■ MATERIAL TO PROCESS
____________________
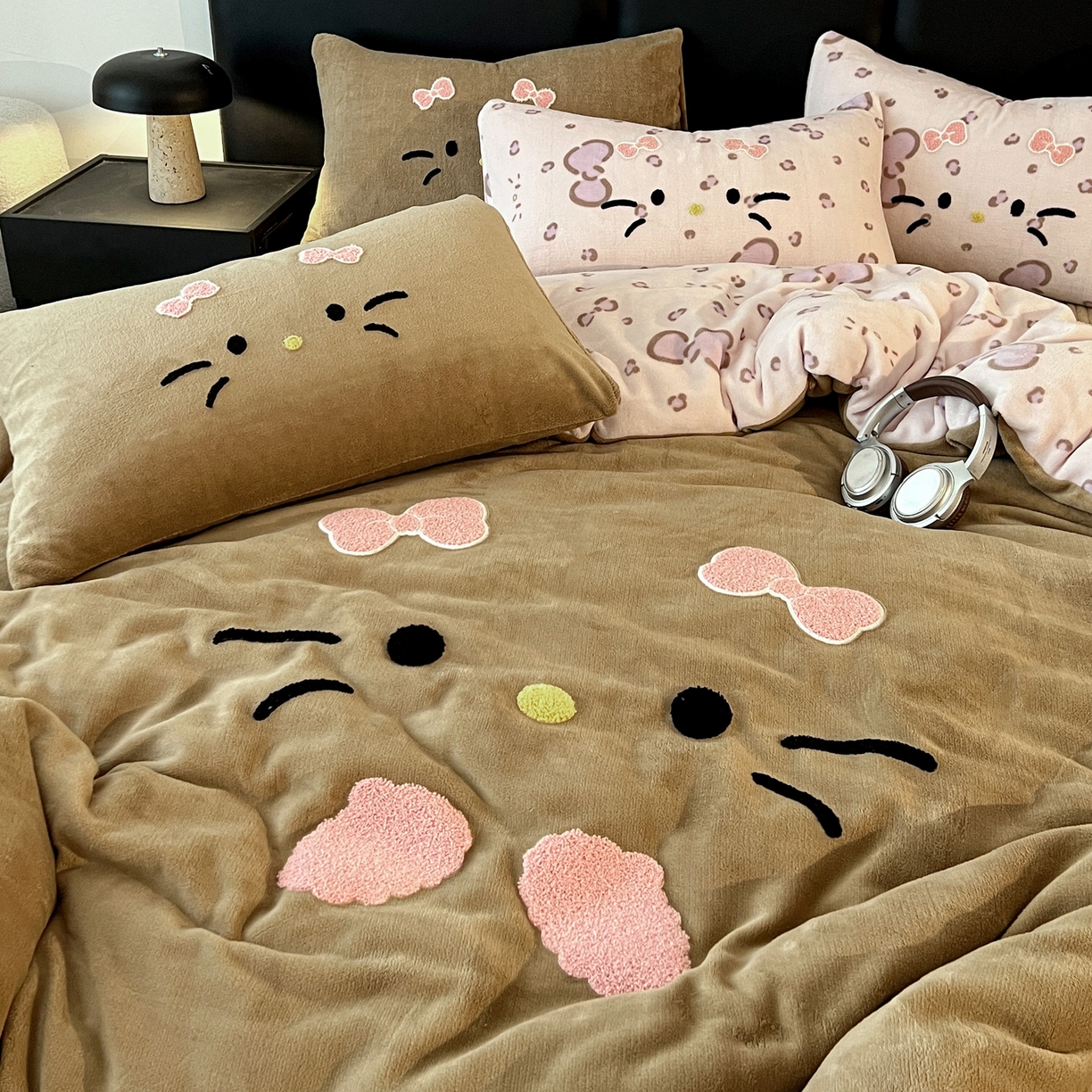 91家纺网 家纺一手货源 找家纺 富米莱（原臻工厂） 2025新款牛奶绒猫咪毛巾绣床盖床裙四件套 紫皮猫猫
____________________
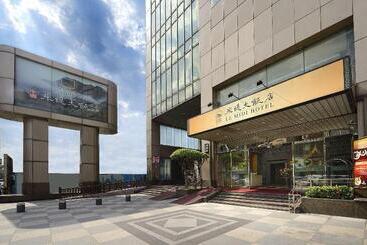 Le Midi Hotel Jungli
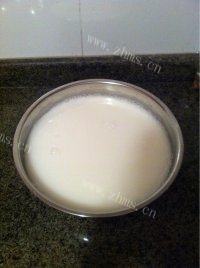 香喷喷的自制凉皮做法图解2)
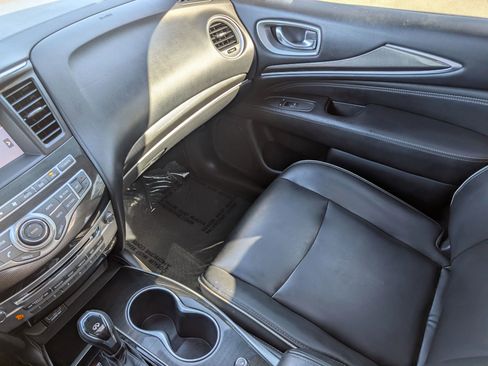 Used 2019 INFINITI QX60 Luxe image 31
____________________
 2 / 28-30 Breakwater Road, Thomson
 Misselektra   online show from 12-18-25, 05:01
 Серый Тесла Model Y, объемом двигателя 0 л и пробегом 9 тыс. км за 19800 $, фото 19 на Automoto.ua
____________________
■ WHAT TO PRODUCE
In the listing above, transcribe exactly everything from the line containing "2 / 28-30 Breakwater Road, Thomson" down to the line containing "Серый Тесла Model", including both and nothing more.

■ EXERCISE RESPONSE
 2 / 28-30 Breakwater Road, Thomson
 Misselektra   online show from 12-18-25, 05:01
 Серый Тесла Model Y, объемом двигателя 0 л и пробегом 9 тыс. км за 19800 $, фото 19 на Automoto.ua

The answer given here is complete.